Action item> Beginning at the line that contains "Etimesgut Belediyesi Voleybol", write out every line down to the end of the records, with both ends kept and nothing added.

Records for this exercise>
-.-.-
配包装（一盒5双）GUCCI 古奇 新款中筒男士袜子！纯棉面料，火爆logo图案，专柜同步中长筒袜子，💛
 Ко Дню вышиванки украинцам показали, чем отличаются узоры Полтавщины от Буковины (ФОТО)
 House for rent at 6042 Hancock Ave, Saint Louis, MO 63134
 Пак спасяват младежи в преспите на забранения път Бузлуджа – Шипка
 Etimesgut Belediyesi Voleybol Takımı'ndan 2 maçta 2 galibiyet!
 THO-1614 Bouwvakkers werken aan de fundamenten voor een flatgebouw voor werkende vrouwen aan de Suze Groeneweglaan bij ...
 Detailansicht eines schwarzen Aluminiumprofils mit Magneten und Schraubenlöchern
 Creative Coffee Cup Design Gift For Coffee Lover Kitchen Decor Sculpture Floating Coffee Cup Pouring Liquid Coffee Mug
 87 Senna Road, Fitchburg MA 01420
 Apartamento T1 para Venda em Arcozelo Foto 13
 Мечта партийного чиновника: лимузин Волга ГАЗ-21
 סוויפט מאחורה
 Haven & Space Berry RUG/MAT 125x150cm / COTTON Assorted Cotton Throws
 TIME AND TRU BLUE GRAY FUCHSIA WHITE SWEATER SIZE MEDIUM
-.-.-
Answer for the task>
 Etimesgut Belediyesi Voleybol Takımı'ndan 2 maçta 2 galibiyet!
 THO-1614 Bouwvakkers werken aan de fundamenten voor een flatgebouw voor werkende vrouwen aan de Suze Groeneweglaan bij ...
 Detailansicht eines schwarzen Aluminiumprofils mit Magneten und Schraubenlöchern
 Creative Coffee Cup Design Gift For Coffee Lover Kitchen Decor Sculpture Floating Coffee Cup Pouring Liquid Coffee Mug
 87 Senna Road, Fitchburg MA 01420
 Apartamento T1 para Venda em Arcozelo Foto 13
 Мечта партийного чиновника: лимузин Волга ГАЗ-21
 סוויפט מאחורה
 Haven & Space Berry RUG/MAT 125x150cm / COTTON Assorted Cotton Throws
 TIME AND TRU BLUE GRAY FUCHSIA WHITE SWEATER SIZE MEDIUM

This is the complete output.